Goyolene Fibres (India) Private Ltd. v. M. P. State Electricity Board
2011-04-18
RAJENDRA MENON
body2011
DigiLaw.ai
ORDER Hon'ble Mr. Rajendra Menon, J. 1. This application under Section 11 (6) of the Arbitration and Conciliation Act, 1996 has been filed by the applicant seeking reference of the dispute between the parties for adjudication by constitution of an Arbitral Tribunal. 2. Petitioner is a Private Limited Company having its plant in Daman and Registered Office in Mumbai. Petitioner's establishment carries out manufacturing activities of all types of cables which are generally used for the purpose of power transmission. The respondent M.P. State Electricity Board invited offers for supply of copper control cables of length 675 kms and Aluminum power cable of 15 km length. The petitioner's company submitted its bid and after the petitioner's bid was accepted an agreement was entered into between the parties. The agreement in question is filed as Annexure P-l. According to the petitioner as there is certain dispute in the matter of execution of the work as contemplated in the agreement and as the claim made by the petitioner for constitution of an Arbitral Tribunal for adjudication of the dispute is rejected, this application has been filed for referring the dispute for arbitration. Inter alia contending that Clause 10 of the agreement (Annexure P-1) and Clause GCC 10.2 of the Special Conditions of Contract contemplates and arbitration agreement for resolution of the dispute, this application has been filed. 3. Respondents have filed a preliminary objection and it is their case that there is no arbitration agreement existing between the parties as contemplated under Section 7 of the Arbitration and Conciliation Act, 1996, and therefore, the application is not maintainable. 4. Shri S.K. Rao, learned Senior Counsel appearing for the petitioner inviting my attention to Clause 10 of the agreement (Annexure P-1) points out that this clause contemplates : "if the parties fail to resolve the dispute between them by mutual consultation within 28 days then the dispute has to be resolved for resolution as per formal mechanisms prescribed in SCC (Special Condition of Contract)". Thereafter inviting my attention to the Special Conditions of Contract, i.e., Clause GCC 10.2 Shri Rao argues that the mechanism provided in this clause is an arbitration agreement, and therefore, the application is maintainable. 5.

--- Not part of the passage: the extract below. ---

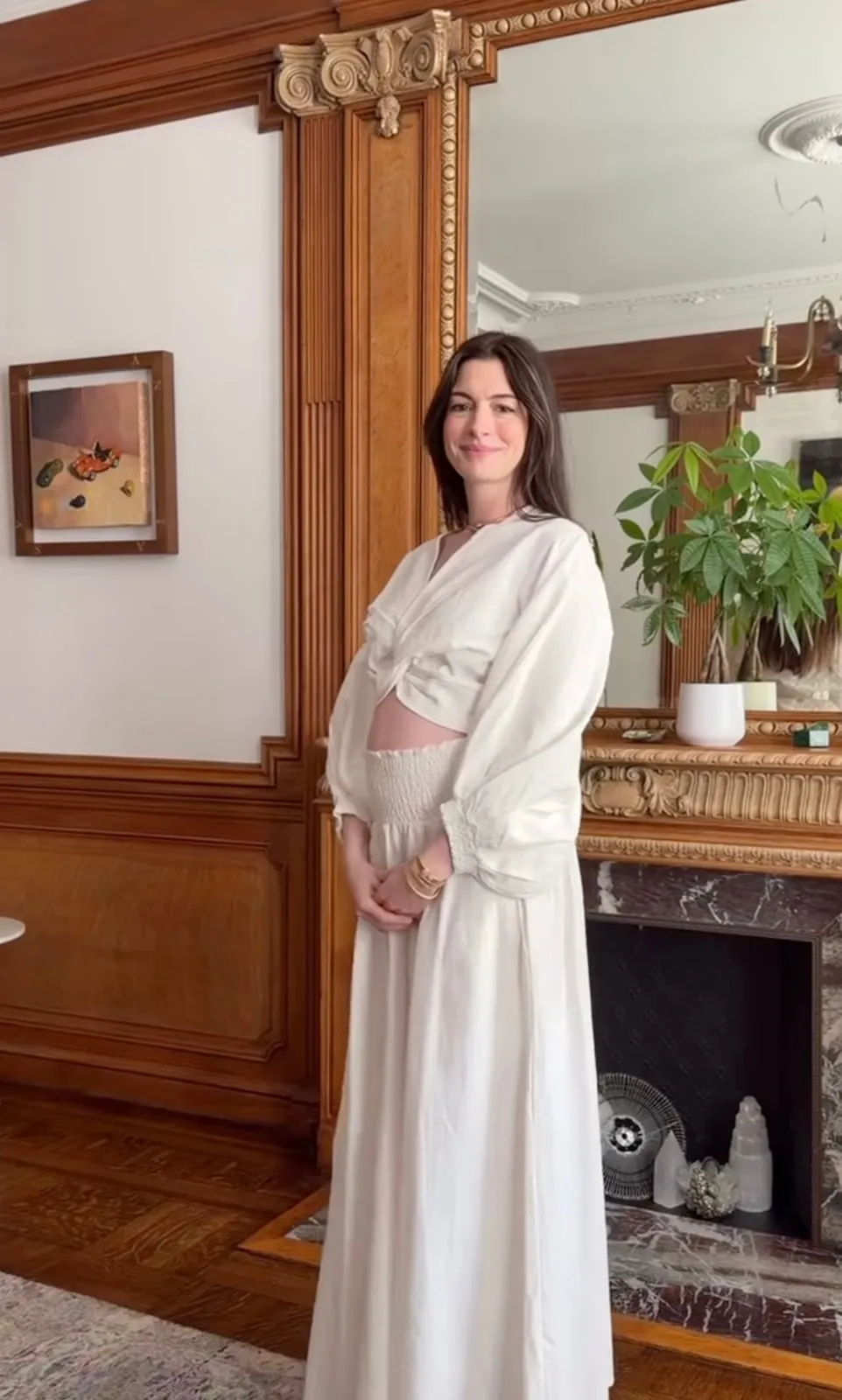 ANNE HATHAWAY ANUNCIA QUE ESTÁ EMBARAZADA DE SU TERCER HIJO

Thereafter inviting my attention to the Special Conditions of Contract, i.e., Clause GCC 10.2 Shri Rao argues that the mechanism provided in this clause is an arbitration agreement, and therefore, the application is maintainable. 5. Shri M.L. Jaiswal, learned Senior Counsel appearing for the respondents refutes the aforesaid and by taking the through the provisions of agreement argues that clause is not an arbitration agreement, and therefore, application is not maintainable. Placing reliance on a judgment rendered by the Supreme Court in the case of Jagdish Chancier Vs. Ramesh Chancier and Others, (2007) 5 SCC 719 : 2007 Arb.W.L.J. 287 (SC), followed by the Bombay High Court in the case of Reshamsingh & Co. Pvt. Ltd. Vs. Dharti Dredging & Infrastruction Ltd., 2011 Arb.W.L.J. 41 (Bom), Shri Jaiswal, learned Senior Counsel argues that there is no arbitration clause between the parties as contemplated under Section 7 of Arbitration and Conciliation Act, 1996, and therefore, the application is not maintainable. 6. Having heard learned Counsel for the parties and on perusal of the record, it is clear that the only question for the present warranting consideration is as to whether there is an arbitration agreement between the parties as contemplated under Section 7 of the Arbitration and Conciliation Act, 1996, and therefore, jurisdiction is conferred on this Court to exercise powers under Section 11 of the said Act. That being so it would be appropriate to refer to various provisions in the agreement. Clause 10 of the agreement (Annexure P-1) pertaining to "Settlement of disputes" reads as under :-- 10. Settlement of disputes :-- 10.1. The purchaser and the supplier shall make every effort to resolve amicably by direct informal negotiation any disagreement or dispute arising between them under or in connection with the Contract. 10.2. If the parties fail to resolve such a dispute or difference by mutual consultation within twenty-eight (28) days from the commencement of such consultation, either party may require that the dispute be referred for resolution to the formal mechanisms specified in the SCC.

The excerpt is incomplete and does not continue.